## Bootstrapping and Subsampling: Part II

BOOTSTRAPPING AND SUBSAMPLING: PART II

In part I we discussed the bootstrap and we saw that sometimes it does not work. By “doesn’t work” I mean that the coverage of the nominal ${1-\alpha}$ level confidence intervals does not approach ${1-\alpha}$ as the sample size increases. In this post I’ll discuss subsampling which works under broader conditions than the bootstrap.

1. Subsampling

Suppose that ${X_1,\ldots, X_n \sim P}$. Let ${\hat\theta_n = g(X_1,\ldots,X_n)}$ be some estimator of ${\theta = T(P)}$.

We need to make one main assumption:

Assume that ${n^\beta (\hat\theta_n - \theta)}$ converges in distribution to some continuous, non-degenerate distribution ${J}$.

We do not need to know ${J}$; we only need to know that such a ${J}$ exists. We don’t even need to know ${\beta}$ but for simplicity I’ll assume that ${\beta=1/2}$. So our assumption is that ${\sqrt{n} (\hat\theta_n - \theta)}$ converges to some ${J}$. Here is the subsampling algorithm.

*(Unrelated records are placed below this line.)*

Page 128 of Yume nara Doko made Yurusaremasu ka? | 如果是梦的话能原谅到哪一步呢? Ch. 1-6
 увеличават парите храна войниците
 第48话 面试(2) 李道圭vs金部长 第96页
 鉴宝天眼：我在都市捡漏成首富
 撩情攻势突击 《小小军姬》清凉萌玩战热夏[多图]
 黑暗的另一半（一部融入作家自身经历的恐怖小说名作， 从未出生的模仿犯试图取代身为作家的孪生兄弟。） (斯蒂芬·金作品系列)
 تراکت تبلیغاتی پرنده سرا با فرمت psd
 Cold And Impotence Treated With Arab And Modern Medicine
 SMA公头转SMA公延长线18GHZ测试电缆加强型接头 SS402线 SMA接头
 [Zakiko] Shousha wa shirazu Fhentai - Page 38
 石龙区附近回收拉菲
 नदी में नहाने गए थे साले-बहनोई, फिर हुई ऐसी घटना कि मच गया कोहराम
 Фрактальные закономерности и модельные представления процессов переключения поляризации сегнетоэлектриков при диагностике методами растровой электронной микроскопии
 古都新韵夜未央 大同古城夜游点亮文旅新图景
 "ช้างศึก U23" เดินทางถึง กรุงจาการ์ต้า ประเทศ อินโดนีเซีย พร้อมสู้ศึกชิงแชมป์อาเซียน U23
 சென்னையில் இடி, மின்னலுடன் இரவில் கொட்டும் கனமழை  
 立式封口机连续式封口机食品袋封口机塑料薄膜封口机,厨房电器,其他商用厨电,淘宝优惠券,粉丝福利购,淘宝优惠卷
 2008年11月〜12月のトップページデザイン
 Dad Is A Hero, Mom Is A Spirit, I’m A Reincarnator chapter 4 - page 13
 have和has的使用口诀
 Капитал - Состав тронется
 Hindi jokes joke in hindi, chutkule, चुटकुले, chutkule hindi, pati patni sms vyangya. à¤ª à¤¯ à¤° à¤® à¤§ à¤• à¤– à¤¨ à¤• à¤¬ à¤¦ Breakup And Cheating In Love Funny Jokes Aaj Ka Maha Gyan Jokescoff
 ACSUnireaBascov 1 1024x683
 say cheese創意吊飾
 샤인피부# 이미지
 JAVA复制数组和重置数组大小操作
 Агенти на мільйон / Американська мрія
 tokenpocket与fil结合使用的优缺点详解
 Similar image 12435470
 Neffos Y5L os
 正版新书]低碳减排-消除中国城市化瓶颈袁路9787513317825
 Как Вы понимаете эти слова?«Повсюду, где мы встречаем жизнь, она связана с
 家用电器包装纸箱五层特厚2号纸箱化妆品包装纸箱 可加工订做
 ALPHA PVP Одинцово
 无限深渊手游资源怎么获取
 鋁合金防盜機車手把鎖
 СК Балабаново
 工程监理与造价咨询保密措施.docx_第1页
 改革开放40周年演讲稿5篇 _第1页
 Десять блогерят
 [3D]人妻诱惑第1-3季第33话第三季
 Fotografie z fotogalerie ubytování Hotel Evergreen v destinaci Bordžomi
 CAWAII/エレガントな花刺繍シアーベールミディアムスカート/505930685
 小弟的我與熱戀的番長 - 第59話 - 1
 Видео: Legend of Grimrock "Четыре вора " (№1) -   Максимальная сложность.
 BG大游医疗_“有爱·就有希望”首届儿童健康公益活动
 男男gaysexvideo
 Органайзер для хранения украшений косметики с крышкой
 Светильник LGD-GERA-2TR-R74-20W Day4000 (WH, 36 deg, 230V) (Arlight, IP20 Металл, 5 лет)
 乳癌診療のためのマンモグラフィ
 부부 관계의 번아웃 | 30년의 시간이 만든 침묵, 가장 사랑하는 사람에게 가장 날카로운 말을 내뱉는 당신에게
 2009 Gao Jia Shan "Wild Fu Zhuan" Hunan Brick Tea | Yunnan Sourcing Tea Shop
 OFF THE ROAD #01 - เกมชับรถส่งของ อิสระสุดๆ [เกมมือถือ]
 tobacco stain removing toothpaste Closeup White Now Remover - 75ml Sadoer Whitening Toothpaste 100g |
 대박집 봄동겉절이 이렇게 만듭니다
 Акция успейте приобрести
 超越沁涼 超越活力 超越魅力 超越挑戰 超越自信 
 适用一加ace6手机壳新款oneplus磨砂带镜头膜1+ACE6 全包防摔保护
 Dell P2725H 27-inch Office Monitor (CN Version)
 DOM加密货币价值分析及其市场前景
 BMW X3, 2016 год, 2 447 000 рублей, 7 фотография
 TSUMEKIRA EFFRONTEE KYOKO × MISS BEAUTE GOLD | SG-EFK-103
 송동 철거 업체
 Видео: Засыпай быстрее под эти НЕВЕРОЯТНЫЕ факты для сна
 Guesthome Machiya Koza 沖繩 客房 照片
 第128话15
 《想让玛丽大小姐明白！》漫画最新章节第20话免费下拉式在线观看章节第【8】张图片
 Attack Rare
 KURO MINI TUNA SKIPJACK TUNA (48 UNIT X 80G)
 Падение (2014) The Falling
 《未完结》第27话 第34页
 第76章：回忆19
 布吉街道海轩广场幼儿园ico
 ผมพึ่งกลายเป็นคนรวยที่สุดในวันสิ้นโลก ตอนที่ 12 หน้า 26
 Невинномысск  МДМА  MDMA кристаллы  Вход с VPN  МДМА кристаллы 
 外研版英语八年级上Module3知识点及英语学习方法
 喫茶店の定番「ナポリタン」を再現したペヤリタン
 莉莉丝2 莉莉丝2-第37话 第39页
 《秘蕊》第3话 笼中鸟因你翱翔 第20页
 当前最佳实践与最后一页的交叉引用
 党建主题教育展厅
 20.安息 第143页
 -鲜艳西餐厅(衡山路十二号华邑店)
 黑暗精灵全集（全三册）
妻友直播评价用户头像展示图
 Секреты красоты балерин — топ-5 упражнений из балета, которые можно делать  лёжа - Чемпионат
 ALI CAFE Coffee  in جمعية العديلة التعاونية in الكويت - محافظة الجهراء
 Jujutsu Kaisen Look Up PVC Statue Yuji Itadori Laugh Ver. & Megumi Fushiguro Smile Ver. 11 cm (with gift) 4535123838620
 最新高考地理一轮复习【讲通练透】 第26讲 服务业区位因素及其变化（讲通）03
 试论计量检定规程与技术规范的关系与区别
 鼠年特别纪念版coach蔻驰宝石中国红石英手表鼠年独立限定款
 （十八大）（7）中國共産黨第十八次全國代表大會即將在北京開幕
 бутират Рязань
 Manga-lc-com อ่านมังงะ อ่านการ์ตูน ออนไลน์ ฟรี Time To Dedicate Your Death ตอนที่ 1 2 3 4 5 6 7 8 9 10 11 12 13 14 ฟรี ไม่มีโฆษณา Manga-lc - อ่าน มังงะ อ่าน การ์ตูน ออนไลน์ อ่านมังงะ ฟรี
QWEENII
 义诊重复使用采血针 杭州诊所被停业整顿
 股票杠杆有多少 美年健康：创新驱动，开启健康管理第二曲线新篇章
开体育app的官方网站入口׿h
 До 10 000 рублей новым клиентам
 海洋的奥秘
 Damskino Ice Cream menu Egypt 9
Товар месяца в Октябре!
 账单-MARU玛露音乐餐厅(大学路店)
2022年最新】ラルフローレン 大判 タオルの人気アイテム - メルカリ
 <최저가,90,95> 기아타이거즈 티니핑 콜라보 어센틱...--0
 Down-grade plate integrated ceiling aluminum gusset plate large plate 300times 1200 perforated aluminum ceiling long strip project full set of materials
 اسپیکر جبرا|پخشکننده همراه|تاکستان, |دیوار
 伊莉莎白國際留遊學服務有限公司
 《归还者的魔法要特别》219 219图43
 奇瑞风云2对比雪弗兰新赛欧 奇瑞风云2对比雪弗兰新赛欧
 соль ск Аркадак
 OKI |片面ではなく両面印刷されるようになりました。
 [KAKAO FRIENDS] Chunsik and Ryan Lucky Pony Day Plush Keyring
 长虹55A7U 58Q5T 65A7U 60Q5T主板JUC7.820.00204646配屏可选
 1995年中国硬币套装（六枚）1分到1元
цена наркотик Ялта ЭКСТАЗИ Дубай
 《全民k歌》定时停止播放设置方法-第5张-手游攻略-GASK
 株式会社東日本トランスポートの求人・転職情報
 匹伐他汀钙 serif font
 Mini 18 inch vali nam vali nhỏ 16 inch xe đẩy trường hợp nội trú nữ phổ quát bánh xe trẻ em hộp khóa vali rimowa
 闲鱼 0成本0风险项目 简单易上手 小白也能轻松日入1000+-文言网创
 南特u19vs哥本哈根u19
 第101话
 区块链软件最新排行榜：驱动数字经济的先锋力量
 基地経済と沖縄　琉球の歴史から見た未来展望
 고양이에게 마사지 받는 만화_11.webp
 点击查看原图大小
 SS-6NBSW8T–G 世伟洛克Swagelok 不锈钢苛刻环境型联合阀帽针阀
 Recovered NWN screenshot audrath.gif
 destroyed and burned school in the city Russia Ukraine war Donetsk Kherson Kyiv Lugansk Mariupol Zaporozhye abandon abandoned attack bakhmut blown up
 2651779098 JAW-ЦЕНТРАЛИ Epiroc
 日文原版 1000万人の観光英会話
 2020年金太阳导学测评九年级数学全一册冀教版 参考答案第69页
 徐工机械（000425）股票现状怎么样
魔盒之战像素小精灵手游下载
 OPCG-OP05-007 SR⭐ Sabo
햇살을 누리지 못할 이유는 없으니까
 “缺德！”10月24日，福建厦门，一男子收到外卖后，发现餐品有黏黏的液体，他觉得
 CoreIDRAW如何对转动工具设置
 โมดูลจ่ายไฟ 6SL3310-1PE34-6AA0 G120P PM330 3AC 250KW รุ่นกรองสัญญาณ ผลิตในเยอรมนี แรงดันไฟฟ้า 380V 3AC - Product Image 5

1. Choose a number ${b = b_n}$ such that $\displaystyle b_n \rightarrow \infty,\ \ \ \ \frac{b_n}{n}\rightarrow 0$

as ${n\rightarrow\infty}$.

2. Draw ${b}$ observations (without replacement) from the data ${\{X_1,\ldots, X_n\}}$ This is one subsample. Repeat this ${N}$ times. So we have ${N}$ subsamples, each of size ${b}$. Denote these subsamples by ${S_1,\ldots, S_N}$.
3. From each subsample ${S_j}$ we compute the estimator. This yields ${N}$ values $\displaystyle \hat\theta_b^1,\ldots, \hat\theta_b^N.$

Note that each estimator is based on one subsample of size ${b}$.

4. Now define $\displaystyle L_n(t) = \frac{1}{N}\sum_{j=1}^N I\Bigl( \sqrt{b} (\hat\theta_b^j - \hat\theta_n) \leq t\Bigr)$

where ${I}$ denotes the indicator function.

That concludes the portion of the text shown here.